» Assignment
Retype exactly the span of lines below from the one with "Pull 1/4 Zip" through the one with "Blue-Floral-Pattern Men'S Graphic". Do not include pictures.

⟨

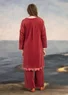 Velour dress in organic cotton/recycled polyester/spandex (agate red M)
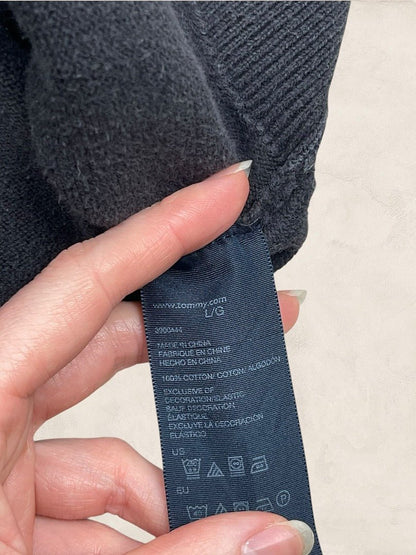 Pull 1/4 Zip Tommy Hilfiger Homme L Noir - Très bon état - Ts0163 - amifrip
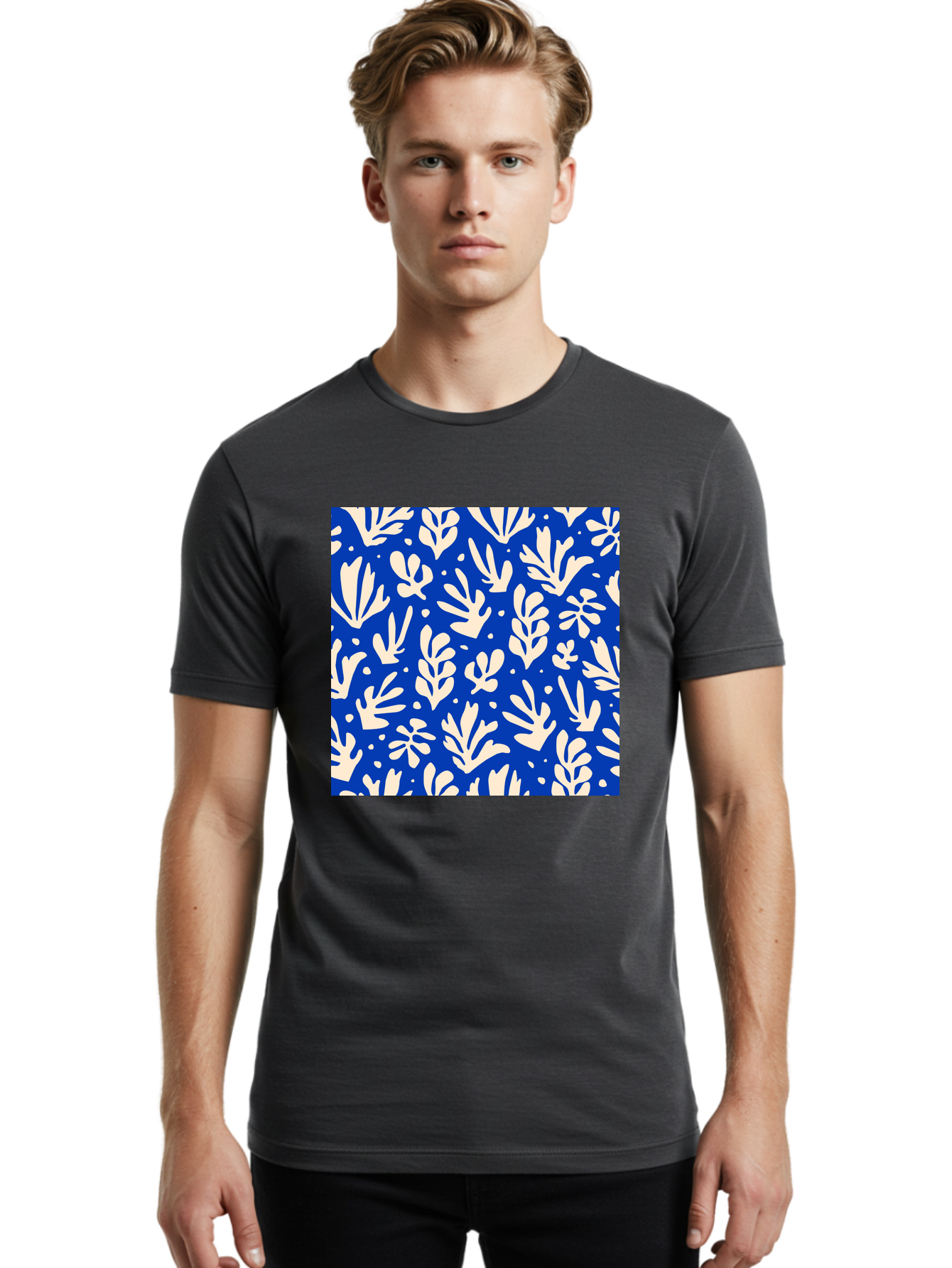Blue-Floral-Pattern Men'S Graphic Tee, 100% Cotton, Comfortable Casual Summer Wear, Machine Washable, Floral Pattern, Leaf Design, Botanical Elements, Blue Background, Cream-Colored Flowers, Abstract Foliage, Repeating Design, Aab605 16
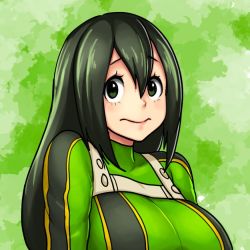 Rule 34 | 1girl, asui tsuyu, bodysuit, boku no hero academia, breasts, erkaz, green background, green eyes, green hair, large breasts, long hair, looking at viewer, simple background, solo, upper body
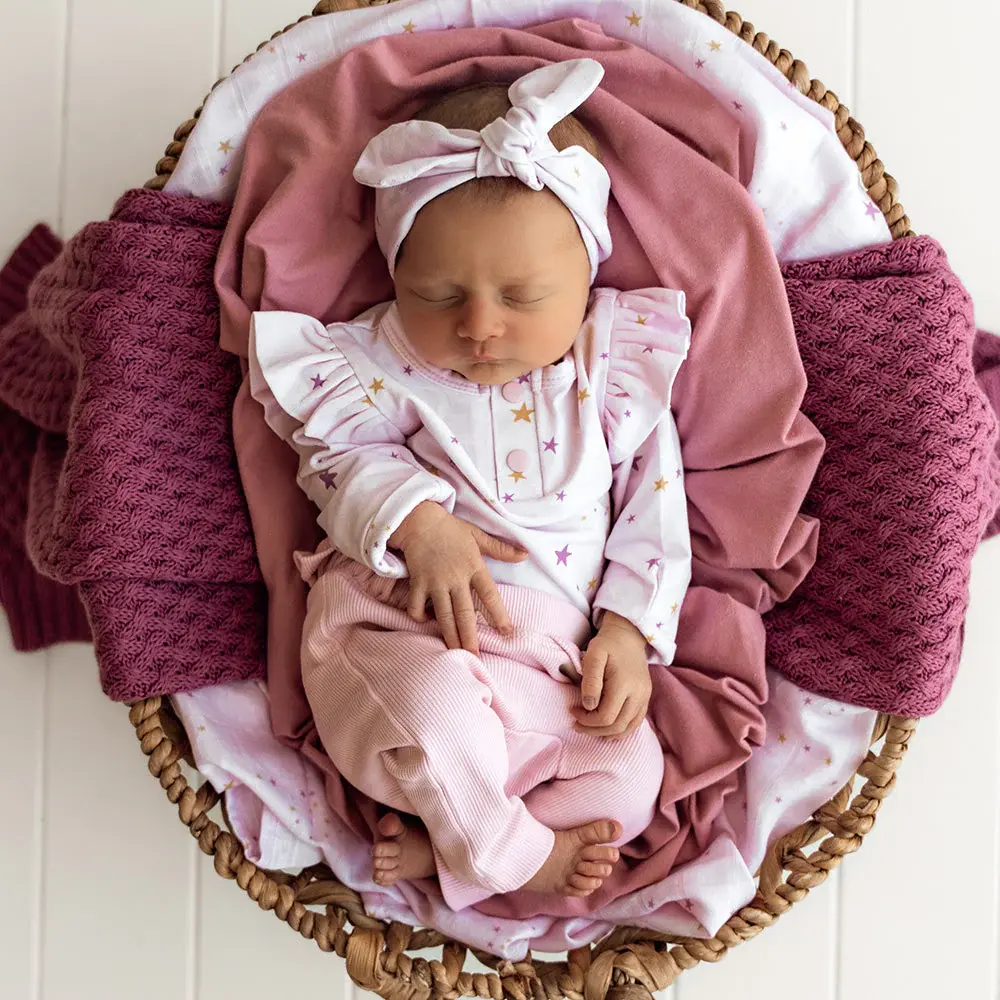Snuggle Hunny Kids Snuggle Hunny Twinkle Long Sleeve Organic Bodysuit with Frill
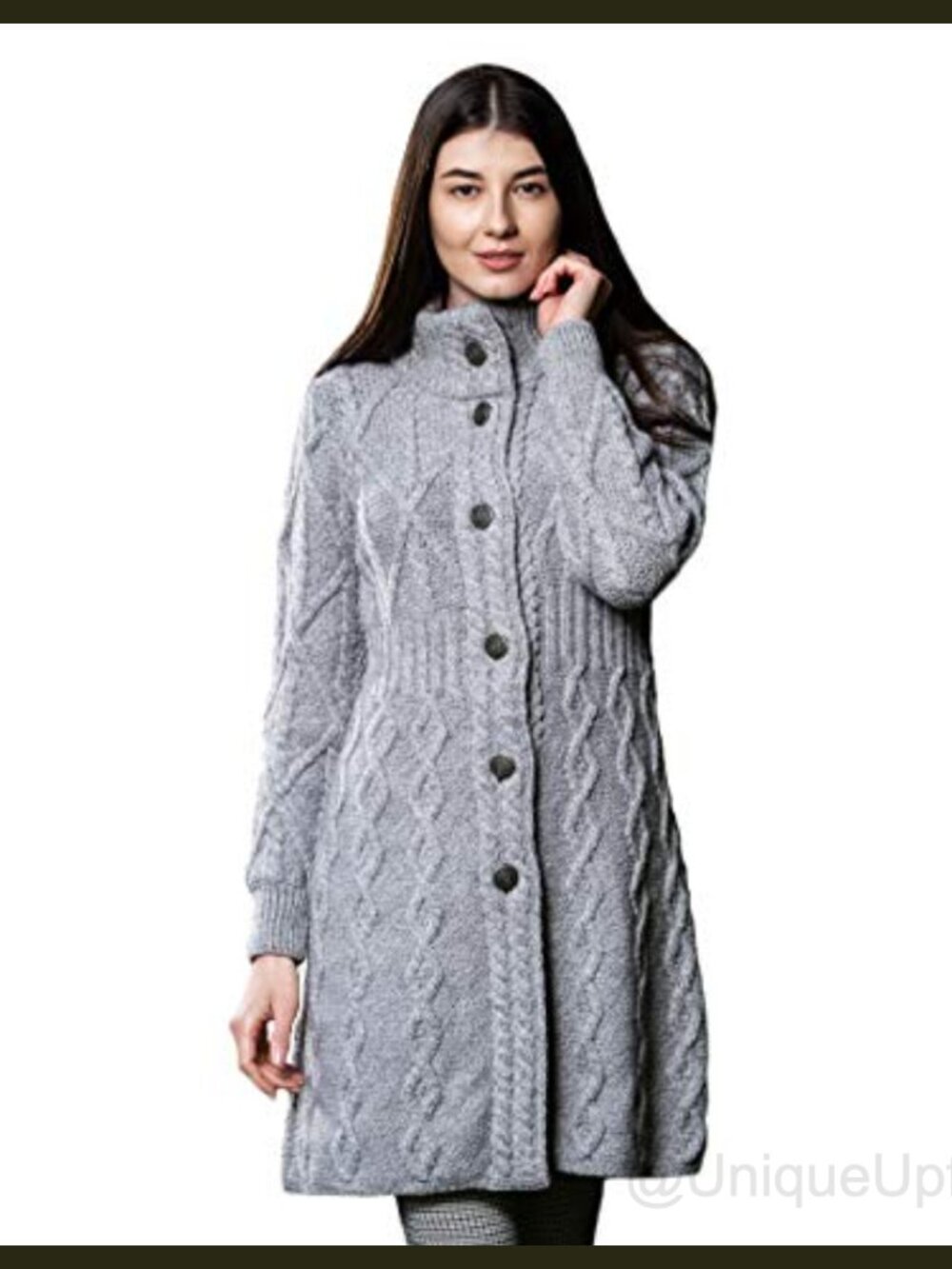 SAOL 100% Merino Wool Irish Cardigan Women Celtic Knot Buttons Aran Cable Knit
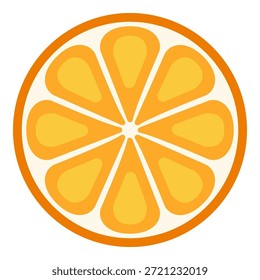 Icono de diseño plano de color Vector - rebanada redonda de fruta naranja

⟩

» Reply
 Pull 1/4 Zip Tommy Hilfiger Homme L Noir - Très bon état - Ts0163 - amifrip
Blue-Floral-Pattern Men'S Graphic Tee, 100% Cotton, Comfortable Casual Summer Wear, Machine Washable, Floral Pattern, Leaf Design, Botanical Elements, Blue Background, Cream-Colored Flowers, Abstract Foliage, Repeating Design, Aab605 16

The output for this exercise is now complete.